3.31 lcm : LCM over ZDD

Format

$obj$.lcm($type,transaction,minsup[,order,ub]$) $\rightarrow $ $zdd$

  $transaction$ : string

  $type$ : string

  $minsup$ : integer

  $order$ : string

  $ub$ : integer

Description

Using LCM over ZDD algorithm, enumerate frequent patterns above the specified minimum support $minsup$ from the transaction file specified at $transaction$, and return as ZDD object $zdd$. Specify the ZDD item order file at $order$, and specify the upper limit of the itemset size at $ub$.

Three types of frequent patterns can be enumerated which is defined at $type$ including "F" (frequent itemset), "M" (maximal itemset), "C" (closed itemsets).

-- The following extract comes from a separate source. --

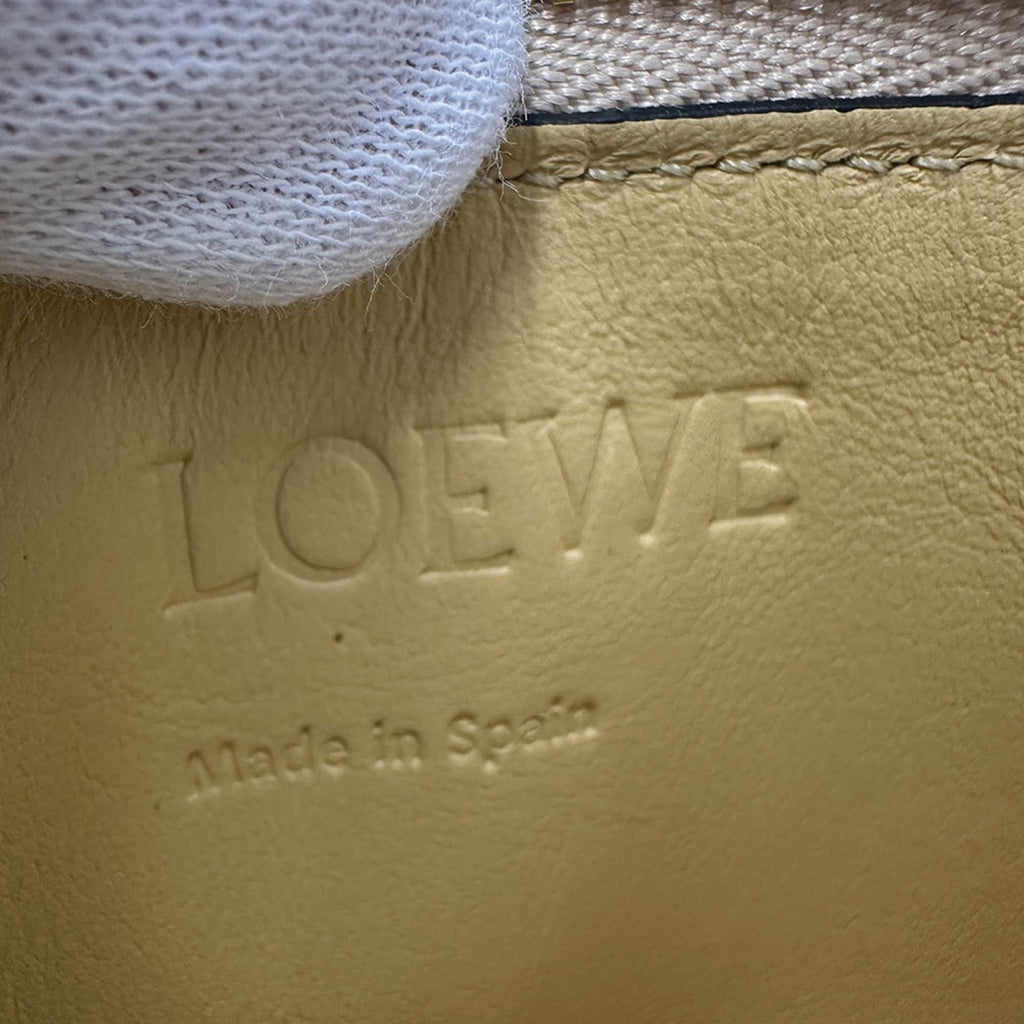 LOEWE Women's Anagram Wallet, Leather Fragment Case, Greige, Yellow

Further, "FQ", attached with "Q", returns the frequencies and weight of each frequent itemset enumerated. When "F" is used without "Q", itemsets that meet the minimum support is returned without frequency information.

The transaction file as shown in the text file below, one row corresponds to one transaction. Items are specified by sequential numbers starting from 1, with a space delimiter between items.

Alphabet cannot be used as an item.

1 2 3 6
4 5 6
1 2 4 6
2 4 6
1 2 4 5

$order$ file is a text file that shows the order of items registered in the ZDD item order table. Typically, all items contained in the transaction data are assigned to sequential numbers. In addition, note that when if there is a missing transaction item number, the missing number must be specified.

1 2 3 4 5 6

When $order$ file is not specified (or specify as nil), the item order will be determined by the internal algorithm of LCM to increase efficiency.

However, this method, the item number is assigned sequentially in order, thus, the item number assigned to ZDD frequent itemset will be different than the original transaction number.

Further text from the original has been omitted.